I knew that there was room for improvement in my writing. That was sort of the point of writing a story a week, after all — to write the million words that James MacDonald, aka Yog Sysop, insisted were necessary before you would start getting any good. Those million words had to be drained from you, like poison, before the fresh, clear ichor of storytelling could start to come out. Of course, I believed on some level that I was the sole exception, and it would take me a mere hundred thousand words of fiction before I hit my creative peak.
Meanwhile, I joined a local writing group — at least one of whose members I still keep up with — and got tons of feedback on my stories that (to my everlasting shock) did not simply consist of praise for my cleverness. Actually, there were countless bad habits that I wasn't even aware I was falling into, which made my prose look even more amateurish than it actually was. Occasionally, the feedback may have been a bit too honest — one story received the comment, "There is a germ of an idea here. Have you considered disinfectant?"
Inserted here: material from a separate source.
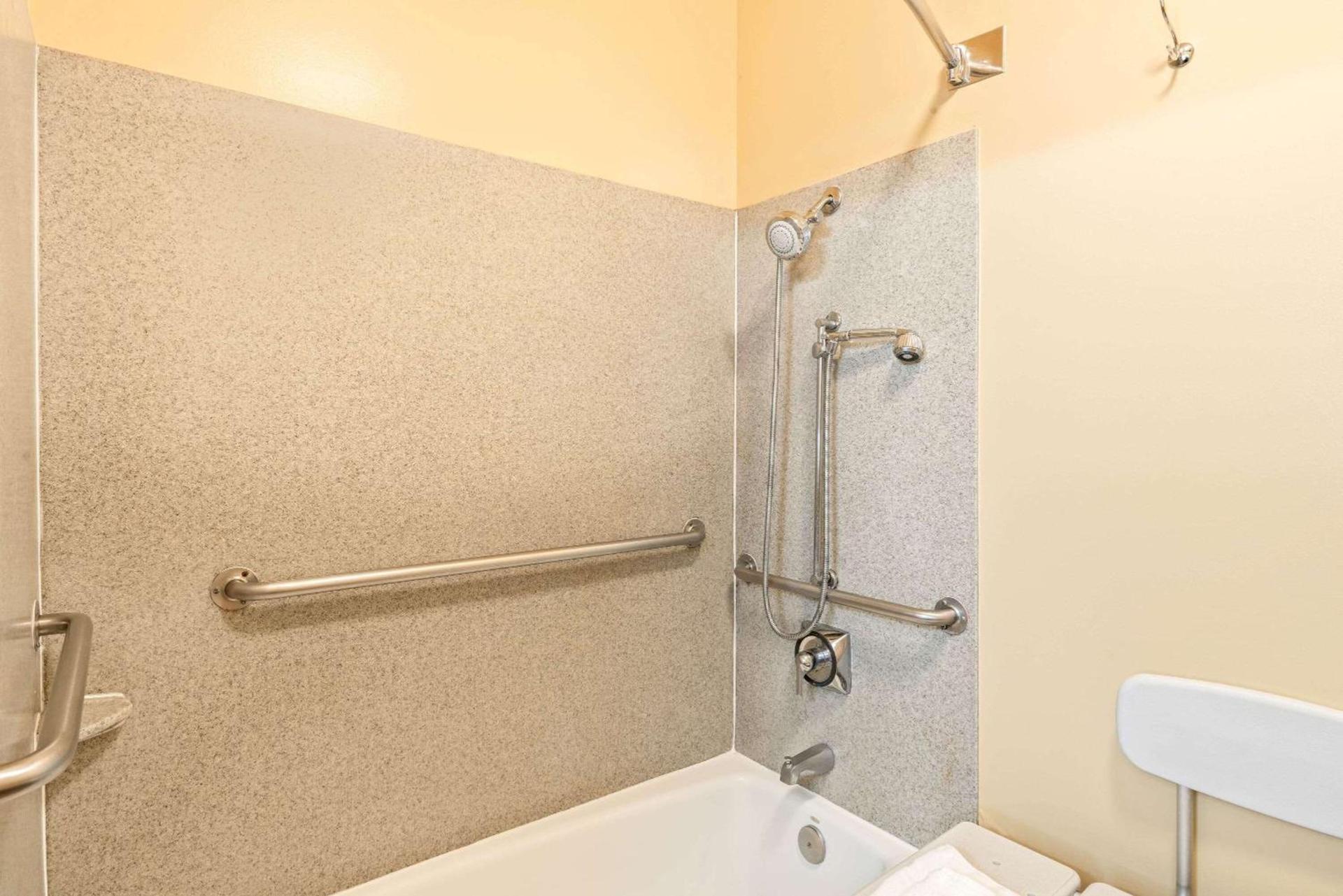 La Quinta by Wyndham Logan photo 13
And I went to local conventions where there were writing seminars, in which I sat and tried my damnedst to figure out what made a story saleable. I joined the throngs of writers following small-press and medium-press editors around, trying to understand what they could possibly want from me that I wasn't already sending, in spades. I stayed up all night in the consuite or hotel bar, listening to other semi-unpublished authors rambling about their great story ideas: "And then — get this — the convenience store owner turns out to be the zombie, not the customer! Great, right?"
The one consolation through all this was that my stories did improve — slowly — and I was just aware enough of my shortcomings as a fiction writer to keep sloughing layers of dead skin. That rush that I got the first dozen times I was able to come up with a proper ending for a story? There was a comparable rush the first time I was able to come up with a middle. (Which turned out to be way harder than coming up with an ending.)
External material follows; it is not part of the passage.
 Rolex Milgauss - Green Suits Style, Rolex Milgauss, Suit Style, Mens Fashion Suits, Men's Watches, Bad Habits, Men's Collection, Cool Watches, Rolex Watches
Slowly, my short fiction become less and less reprehensible, although I've never stopped being seduced by the throwaway idea or the dumb shortcut. The only way I could really tell for sure that I've improved is by re-reading the old stories and being horrified by how terrible they were — and then confronting, for a moment, that I would be equally horrified one day by the stuff I was writing now. (Surely not!)
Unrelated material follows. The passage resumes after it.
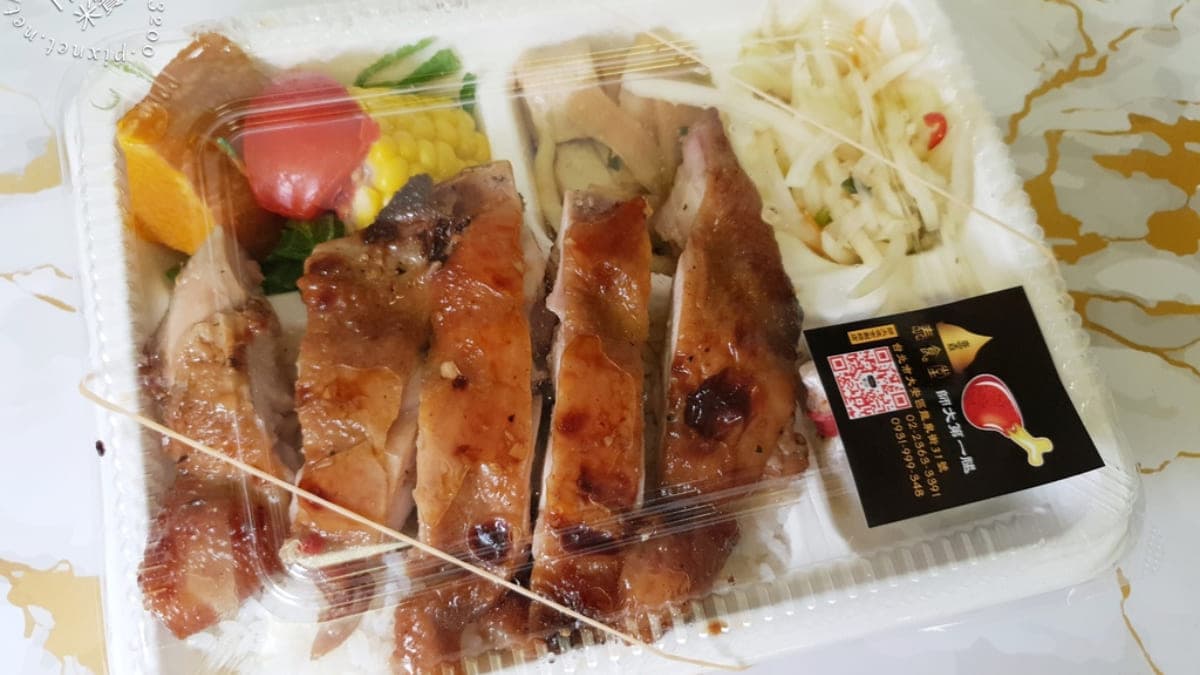 便當的配菜有龍鬚菜、南瓜、番茄、醃蘿蔔、筍片。（圖片來源：米寶麻幸福滿載）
Looking back at them now, these stories that once seemed so wild and vibrant now seem amazingly bland, because the characters are nondescript. Literally, "nondescript" is the best word for them — they're not really described very well, and they're mostly ciphers on which a bunch of action is hung. The stories are over before they really get going, or they drag on and on without developing anything.
Recently, I was talking, half-seriously, about having a "trunk story slam" at a convention — a bunch of us would read our worst unpublished story. The author with the absolute worst story would win, although I'm not sure what the prize would have been. It seems like fun, but then something about reading one of these stories aloud seems a bit too exposed, like displaying a dirty shameful piece of myself. And at the same time, I feel a great tenderness and nostalgia for these stories — more as I remember them than as they actually are.
Plus you never know — I might be able to repurpose bits of them one of these days, or just rewrite a couple of them from scratch, keeping the few good bits . After all, you're the only author you're ever allowed to plagiarize.